# [Goal of the exercise]
In the listing below, find the line with "collar with keychain" and copy every line from there up to and including the line with "Set of warning", exactly and without pictures.

(Records provided begins)

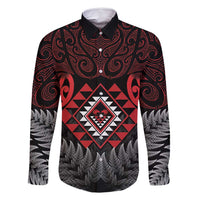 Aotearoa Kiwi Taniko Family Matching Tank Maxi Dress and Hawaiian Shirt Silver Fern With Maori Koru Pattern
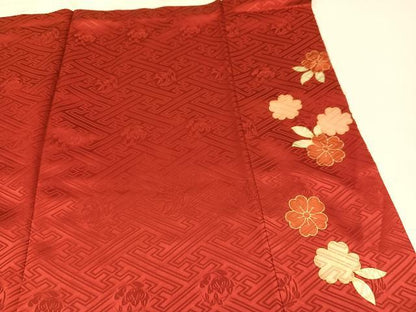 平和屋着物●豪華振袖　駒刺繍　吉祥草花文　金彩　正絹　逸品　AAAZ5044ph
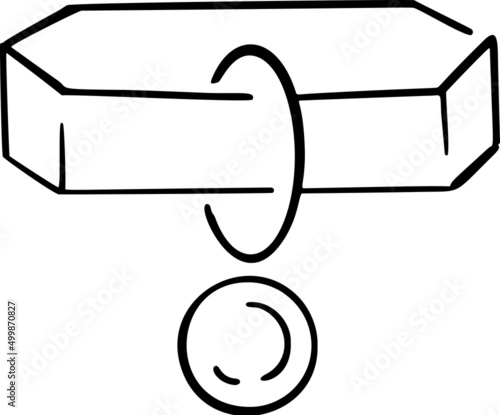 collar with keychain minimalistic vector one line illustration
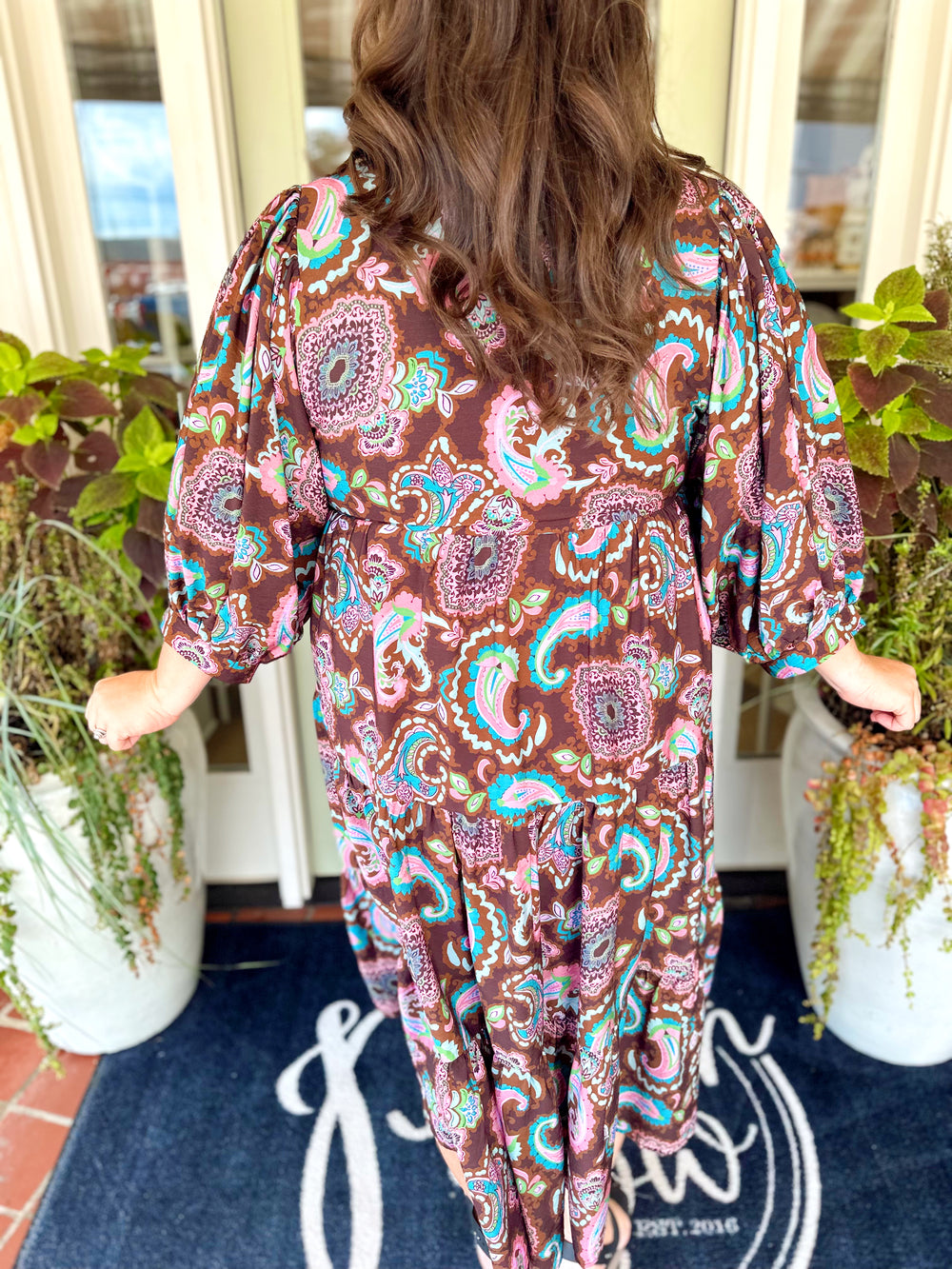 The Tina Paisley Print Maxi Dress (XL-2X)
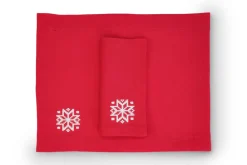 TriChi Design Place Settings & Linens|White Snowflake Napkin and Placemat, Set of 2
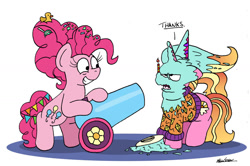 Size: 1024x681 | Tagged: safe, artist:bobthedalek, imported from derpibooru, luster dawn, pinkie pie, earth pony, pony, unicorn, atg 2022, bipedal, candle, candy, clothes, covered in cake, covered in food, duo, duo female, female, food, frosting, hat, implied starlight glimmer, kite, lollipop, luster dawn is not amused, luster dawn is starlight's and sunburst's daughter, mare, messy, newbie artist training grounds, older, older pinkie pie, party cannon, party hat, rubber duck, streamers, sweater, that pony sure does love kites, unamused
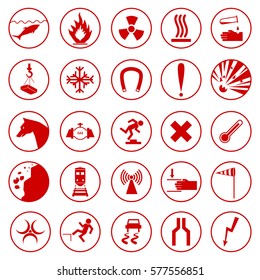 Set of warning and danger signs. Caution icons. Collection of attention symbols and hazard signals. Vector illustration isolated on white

(Records provided ends)
(Records provided begins)

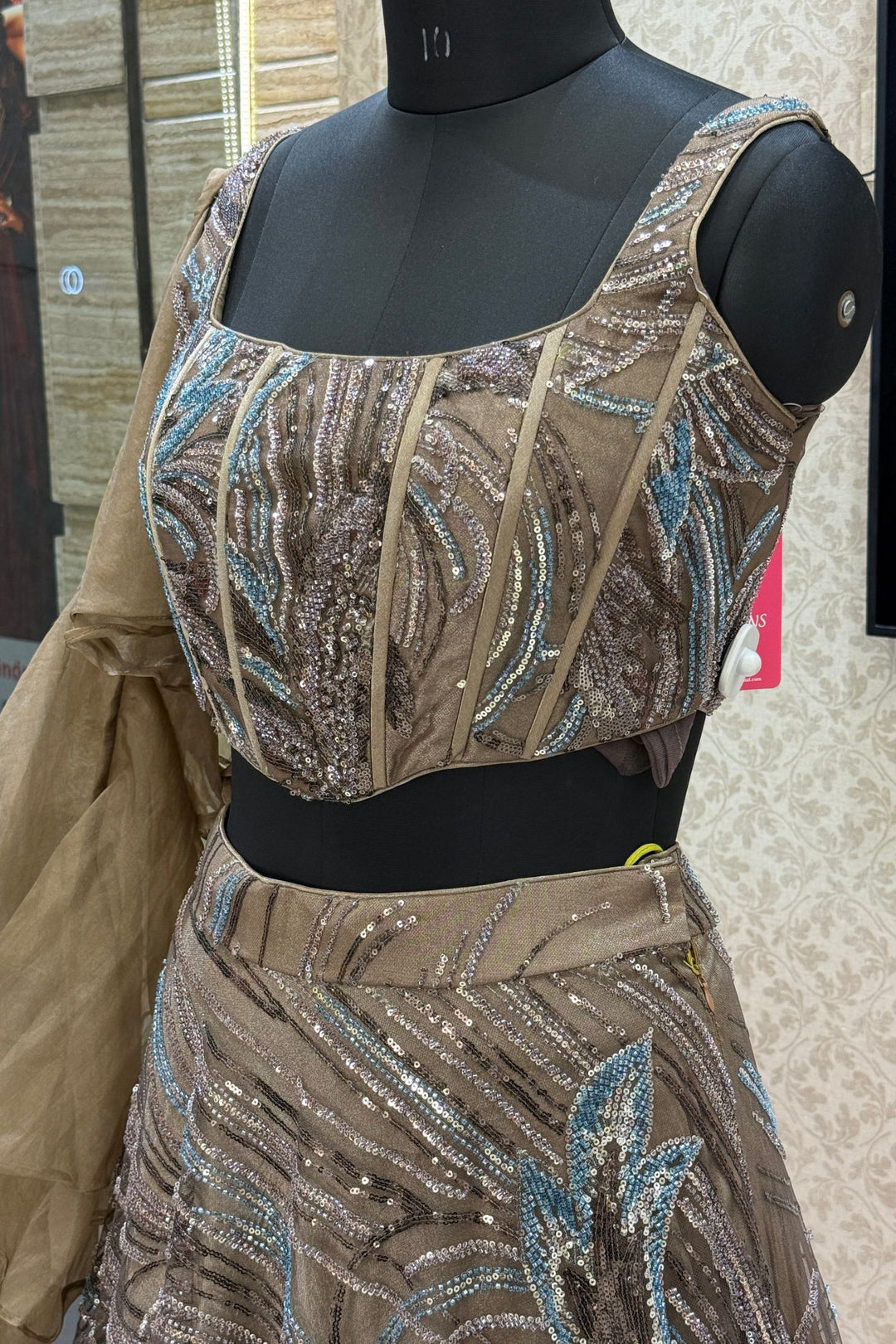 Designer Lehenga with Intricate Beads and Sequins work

(Records provided ends)
(Records provided begins)

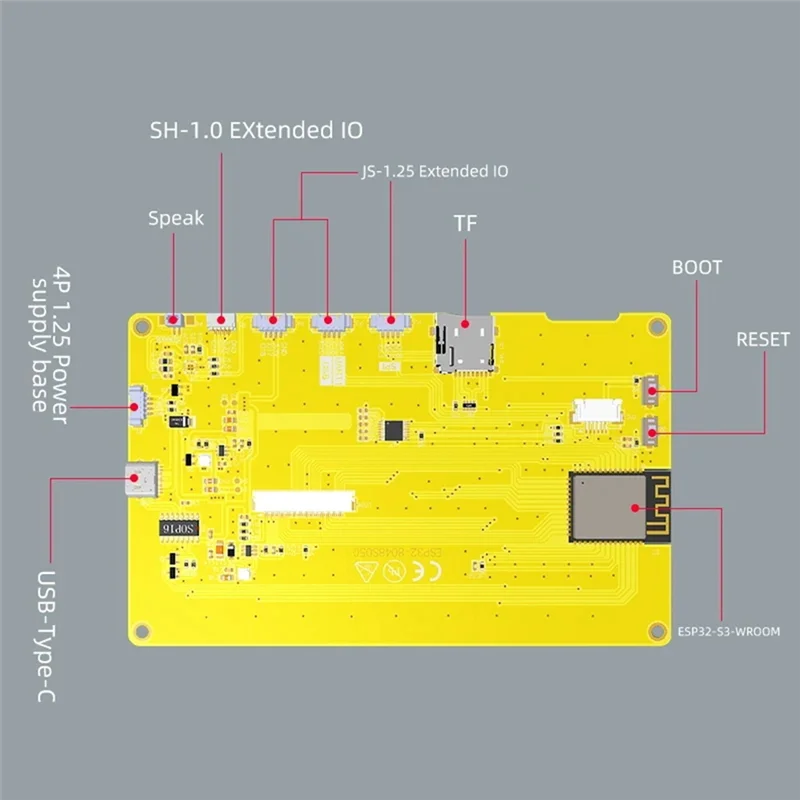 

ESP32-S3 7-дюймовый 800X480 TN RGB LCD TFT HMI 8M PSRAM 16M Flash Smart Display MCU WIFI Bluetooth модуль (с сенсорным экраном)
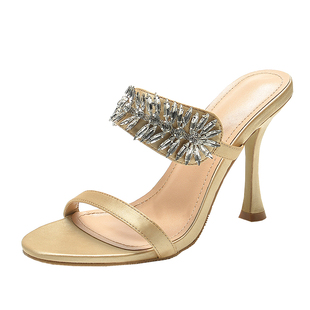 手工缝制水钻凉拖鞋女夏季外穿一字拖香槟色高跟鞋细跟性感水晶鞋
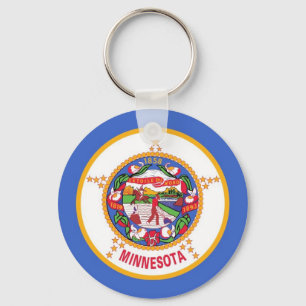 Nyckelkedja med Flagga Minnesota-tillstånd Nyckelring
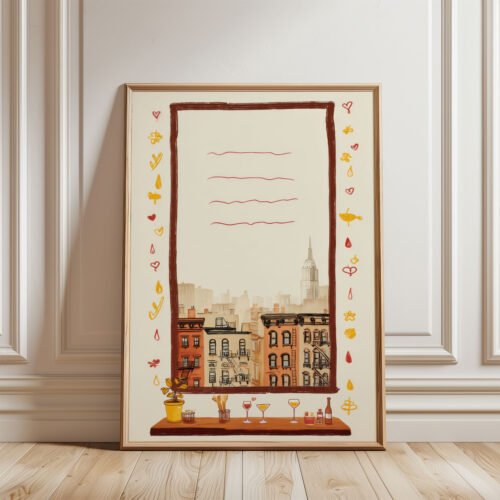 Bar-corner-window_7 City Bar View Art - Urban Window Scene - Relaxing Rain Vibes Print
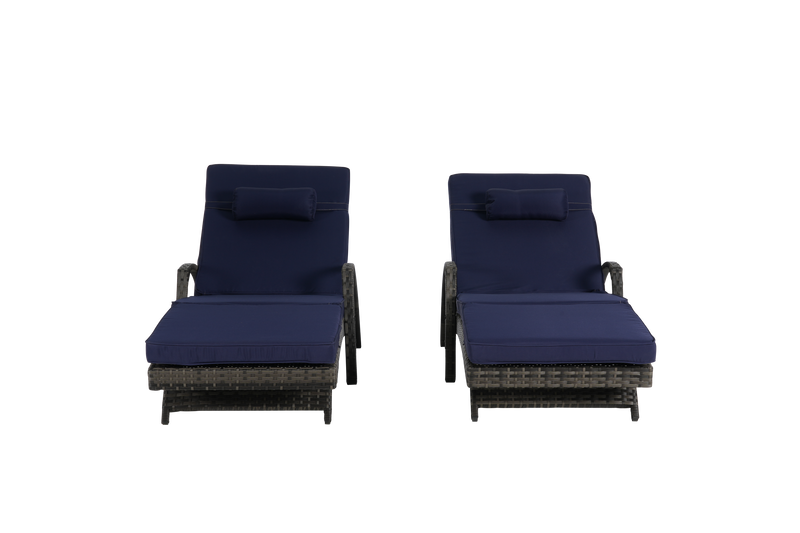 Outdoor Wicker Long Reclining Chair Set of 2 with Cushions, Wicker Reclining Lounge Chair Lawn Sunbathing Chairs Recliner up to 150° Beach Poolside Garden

(Records provided ends)

# [Response]
 collar with keychain minimalistic vector one line illustration
 The Tina Paisley Print Maxi Dress (XL-2X)
 TriChi Design Place Settings & Linens|White Snowflake Napkin and Placemat, Set of 2
 Size: 1024x681 | Tagged: safe, artist:bobthedalek, imported from derpibooru, luster dawn, pinkie pie, earth pony, pony, unicorn, atg 2022, bipedal, candle, candy, clothes, covered in cake, covered in food, duo, duo female, female, food, frosting, hat, implied starlight glimmer, kite, lollipop, luster dawn is not amused, luster dawn is starlight's and sunburst's daughter, mare, messy, newbie artist training grounds, older, older pinkie pie, party cannon, party hat, rubber duck, streamers, sweater, that pony sure does love kites, unamused
 Set of warning and danger signs. Caution icons. Collection of attention symbols and hazard signals. Vector illustration isolated on white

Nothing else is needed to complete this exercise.